Most fire extinguishers that you'll find in hardware stores come with plastic brackets, but the requirements for the track state that it needs to be a metal bracket. Metal ones can be found at a few places, purchased separately. I found mine at an Ace hardware, $6. Lowes and Menards did not have them. Actually, Menards sold one, but it fit almost none of the extinguishers they sold, so be careful. Make sure the bracket fits the extinguisher you have because there are different sizes. A small $10 extinguisher of 3 pounds, 10bc rated, about a foot tall, is more than what's required. 
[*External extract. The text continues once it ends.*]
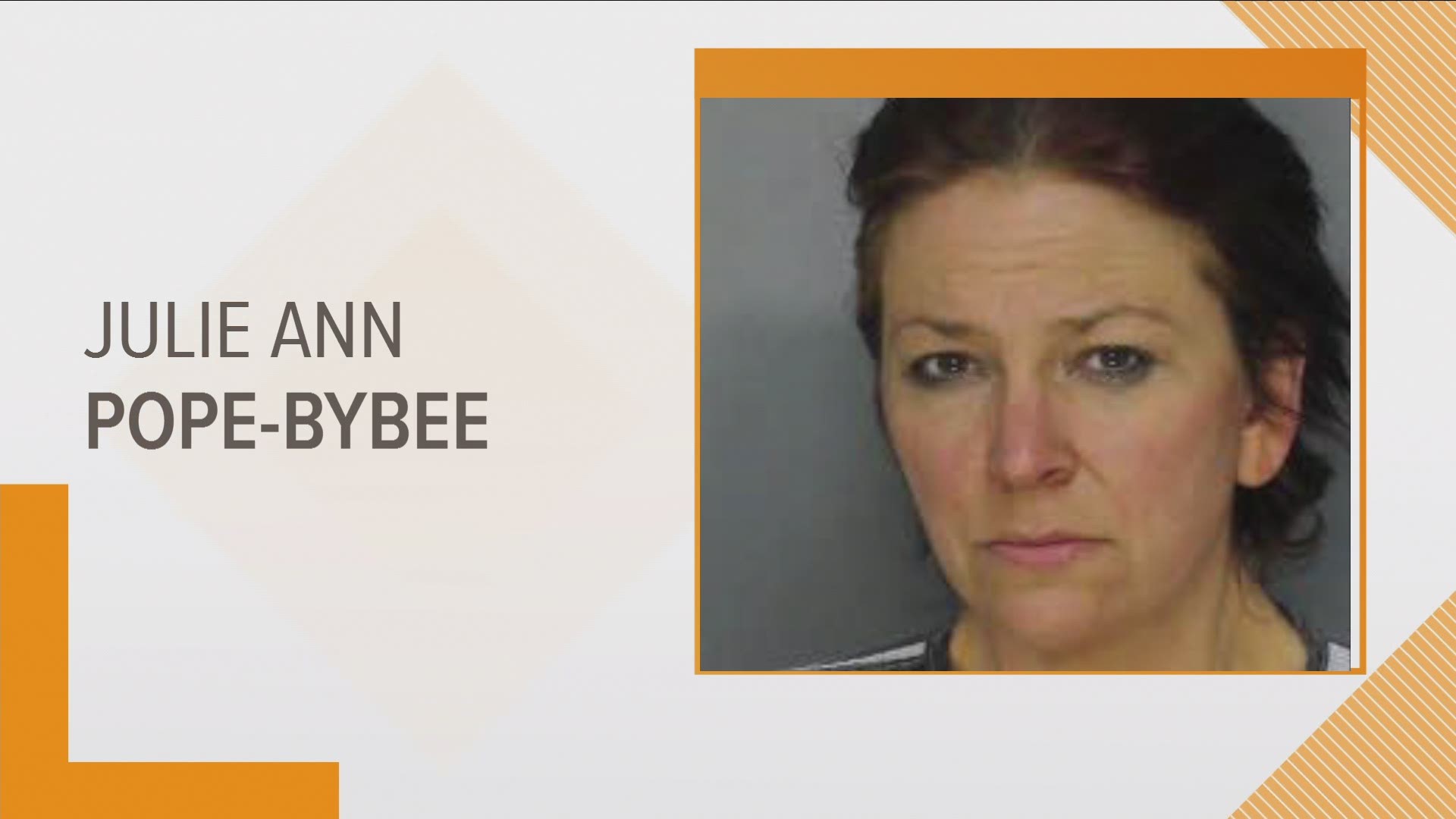 Julie Ann Pope-Bybee, 47, of 1707 Breezie Point Lane, was taken into custody at her home after her husband's body was discovered in a shed on the property.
I did this for my ’93 325is. First move the front passenger seat all the way back on its rails. In order to mount the extinguisher in the car without drilling any holes in the floor (and possibly starting rust) I looked at the rails upon which the front passenger seat travels. I used the bolts that already come up from the floor into the rails, on the front end of the rails, pointing toward the motor. Then I got a 3/4" wide metal bar ($3). Don’t get anything too flimsy or it won’t hold down well. But also don’t get something a half inch thick because the tolerances here are not too generous. 

Cut the bar to the right length between the two rails. Mine was 18.5”. Then drill holes in the bar at the ends for the bolts. My holes were 17 3/4” apart. I bought some nuts and washers to fasten the bar to the bolts. The nuts were M10-1.50 hex nuts class 8. The washers were 10 mm flat washers. The nuts I bought were much wider than the ones holding in the seat, so I didn’t even use the washers. Note that the bar and nuts will simply go onto the bolt, without having to remove the nuts or bolts that are holding in the seat. There is enough exposed bolt sticking up to do this. Not lots, but enough. 

The extinguisher metal bracket has to be fastened to the metal bar. The bracket has holes already drilled in it. So I drilled some holes to match the bracket in the metal bar. But before drilling the holes, bolt down the metal bar, place the bracket on top, and put the extinguisher in there. See how things will line up so you know where to put the holes in the bar. It’s not in the center of the bar either forward/back or left/right. It’s offset in both dimensions. Mark where the bracket will sit. I found it helpful to tape the extinguisher, bracket, and bar together, remove them from the car, take off the extinguisher, and then mark the bar for drilling, through the holes of the bracket. 

Note that the seat is moved all the way back and the extinguisher is pressed right up against the seat. There is not lots of room for this, but enough.

Drill the two small holes in the bar. Fasten the bracket to the bar with tiny nuts, bolts, and washers. Have the bolt head facing the floor and the shaft pointing up, into the bar and bracket. You don’t want the bolt poking a hole down into the carpet. But you also need a bolt short enough that it doesn’t hit the fire extinguisher when in the bracket. They’re pretty tiny.

All nuts, bolts, and washers mentioned were about $3. 

Before tightening everything down, make sure that the latch/release of the bracket pulls forward, toward the engine. If in a fire and a hurry, you don’t want to have to move the latch toward the seat and have the seat block any of your motions. 


That’s it. The only down side is that the front passenger seat has to remain all the way back, on the rails. Not a problem for me. The whole setup is removed easily when you’re done at the track, if you like.

I got to come up with my own design, and the total cost was $22. Actually, it was $9 for me because I already had a fire extinguisher at home and a scrap metal bar. That sure beats the $300 if I purchased the special mounting brackets, extinguisher, etc. from a race shop. I can think of no safely compromises of this setup relative to the purchased ones. The extinguisher sits in the same place and is just as accessible. 

There you have it. Hopefully you never need to use it.


----------